Published in News

Why US Justice is worried about Yahoo/Microsoft deal

by on14 September 2009


Image

It might harm Google


The US
Justice Department is apparently all in a tizz about the Microsoft Yahoo deal. While it is not actually a buy-out it does have some pretty strong components which normally would cause an anti-trust watchdog cause for concern.

Microsoft and Yahoo confirmed Friday that the Justice Department has asked the two companies for more information about their deal, which is a step beyond taking a mere interest in the proceedings. However the DoJ interest is strange given that it is an alliance of two lesser companies, at least in the search market, to take on the biggest, According to CNET the Justice Department is likely looking at two different aspects of the deal. On one hand, regulators are expected to probe whether advertisers will be harmed by the loss of an outlet for their ad dollars, as well as whether Google has less incentive to compete for searchers.

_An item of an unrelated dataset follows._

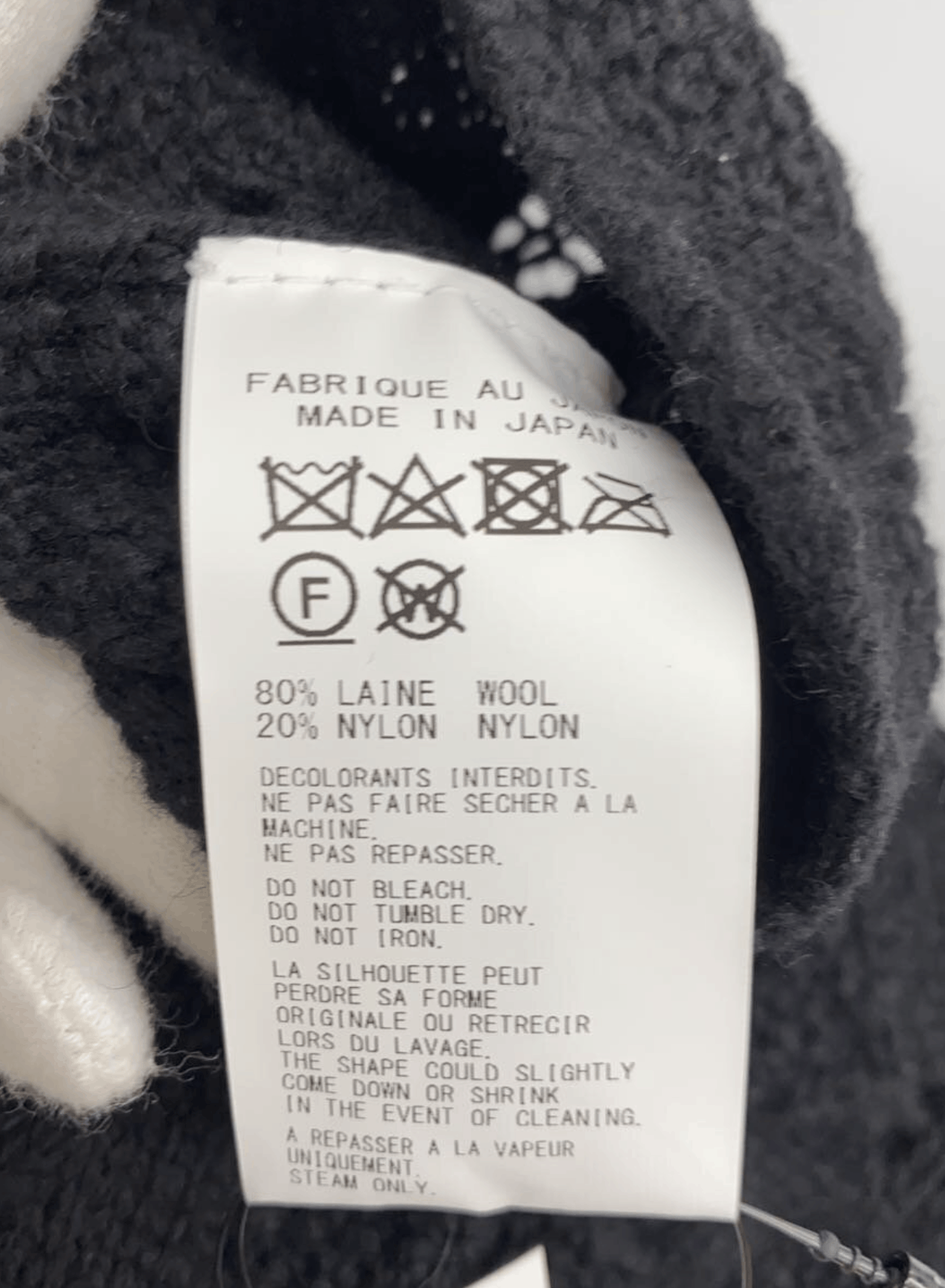 Yohji Yamamoto Yohji Yamamoto Femme - Wool Knit Distress Arm Warmers Gloves Size ONE SIZE - 10 Thumbnail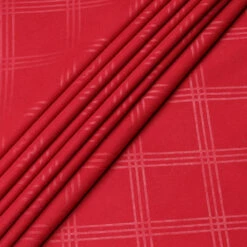 Super King Size Bed Sheet Extra Deep Red Fitted Sheet Embossed Pattern -Bed Linings Sale StripeFittedSheetRed 05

The deal is going to eliminate a competitor in search in a market that has high barriers to entry and only has three players. Analysts believe that the Justice Department will force Microsoft and Yahoo to put Yahoo's search technology assets up for auction to let the deal go through. This will allow a third major player to enter the business.

Of course this is largely pointless. It is a doodle to create a search engine, it is harder to get people to use it. Microsoft has spent a fortune on development and launch of Bing and it will want Yahoo's search technology, not to mention some of its engineers. However what is more likely is that Google has been playing its cards in Washington much better than Microsoft.  Google backed Obama to win and it is likely that it is calling on a few favours.

It will be interesting to see to what extent that will be.  However of the DoJ kills the deal it will be a little unfair.  Google is far too powerful and two small  competitors are not enough to balance it.